EXERCISE GOAL >> The records need to be set down again exactly as they appear.

--------

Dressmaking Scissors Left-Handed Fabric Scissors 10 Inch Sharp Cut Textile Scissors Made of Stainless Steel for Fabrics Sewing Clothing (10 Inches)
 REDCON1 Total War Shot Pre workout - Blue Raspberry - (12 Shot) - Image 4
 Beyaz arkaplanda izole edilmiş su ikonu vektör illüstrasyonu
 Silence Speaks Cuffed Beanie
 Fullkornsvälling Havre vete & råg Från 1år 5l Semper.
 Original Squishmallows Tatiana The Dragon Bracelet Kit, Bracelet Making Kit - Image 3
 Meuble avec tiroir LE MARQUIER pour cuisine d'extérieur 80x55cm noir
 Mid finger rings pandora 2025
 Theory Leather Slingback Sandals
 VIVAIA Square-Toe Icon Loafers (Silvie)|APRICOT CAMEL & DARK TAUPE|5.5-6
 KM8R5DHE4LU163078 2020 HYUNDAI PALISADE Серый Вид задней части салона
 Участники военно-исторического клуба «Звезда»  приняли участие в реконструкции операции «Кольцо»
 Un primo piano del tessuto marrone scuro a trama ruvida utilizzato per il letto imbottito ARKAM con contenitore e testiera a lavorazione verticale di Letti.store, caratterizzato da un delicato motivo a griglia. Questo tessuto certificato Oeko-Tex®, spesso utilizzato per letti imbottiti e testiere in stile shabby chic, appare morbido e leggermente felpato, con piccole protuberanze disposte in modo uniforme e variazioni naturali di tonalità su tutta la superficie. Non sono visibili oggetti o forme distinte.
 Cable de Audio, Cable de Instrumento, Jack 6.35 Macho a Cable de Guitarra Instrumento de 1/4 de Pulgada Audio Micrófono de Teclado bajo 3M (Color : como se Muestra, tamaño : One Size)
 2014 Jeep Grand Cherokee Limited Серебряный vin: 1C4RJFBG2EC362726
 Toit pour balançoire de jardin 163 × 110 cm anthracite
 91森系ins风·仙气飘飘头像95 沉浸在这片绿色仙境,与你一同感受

--------

EXERCISE ANSWER >>
Dressmaking Scissors Left-Handed Fabric Scissors 10 Inch Sharp Cut Textile Scissors Made of Stainless Steel for Fabrics Sewing Clothing (10 Inches)
 REDCON1 Total War Shot Pre workout - Blue Raspberry - (12 Shot) - Image 4
 Beyaz arkaplanda izole edilmiş su ikonu vektör illüstrasyonu
 Silence Speaks Cuffed Beanie
 Fullkornsvälling Havre vete & råg Från 1år 5l Semper.
 Original Squishmallows Tatiana The Dragon Bracelet Kit, Bracelet Making Kit - Image 3
 Meuble avec tiroir LE MARQUIER pour cuisine d'extérieur 80x55cm noir
 Mid finger rings pandora 2025
 Theory Leather Slingback Sandals
 VIVAIA Square-Toe Icon Loafers (Silvie)|APRICOT CAMEL & DARK TAUPE|5.5-6
 KM8R5DHE4LU163078 2020 HYUNDAI PALISADE Серый Вид задней части салона
 Участники военно-исторического клуба «Звезда»  приняли участие в реконструкции операции «Кольцо»
 Un primo piano del tessuto marrone scuro a trama ruvida utilizzato per il letto imbottito ARKAM con contenitore e testiera a lavorazione verticale di Letti.store, caratterizzato da un delicato motivo a griglia. Questo tessuto certificato Oeko-Tex®, spesso utilizzato per letti imbottiti e testiere in stile shabby chic, appare morbido e leggermente felpato, con piccole protuberanze disposte in modo uniforme e variazioni naturali di tonalità su tutta la superficie. Non sono visibili oggetti o forme distinte.
 Cable de Audio, Cable de Instrumento, Jack 6.35 Macho a Cable de Guitarra Instrumento de 1/4 de Pulgada Audio Micrófono de Teclado bajo 3M (Color : como se Muestra, tamaño : One Size)
 2014 Jeep Grand Cherokee Limited Серебряный vin: 1C4RJFBG2EC362726
 Toit pour balançoire de jardin 163 × 110 cm anthracite
 91森系ins风·仙气飘飘头像95 沉浸在这片绿色仙境,与你一同感受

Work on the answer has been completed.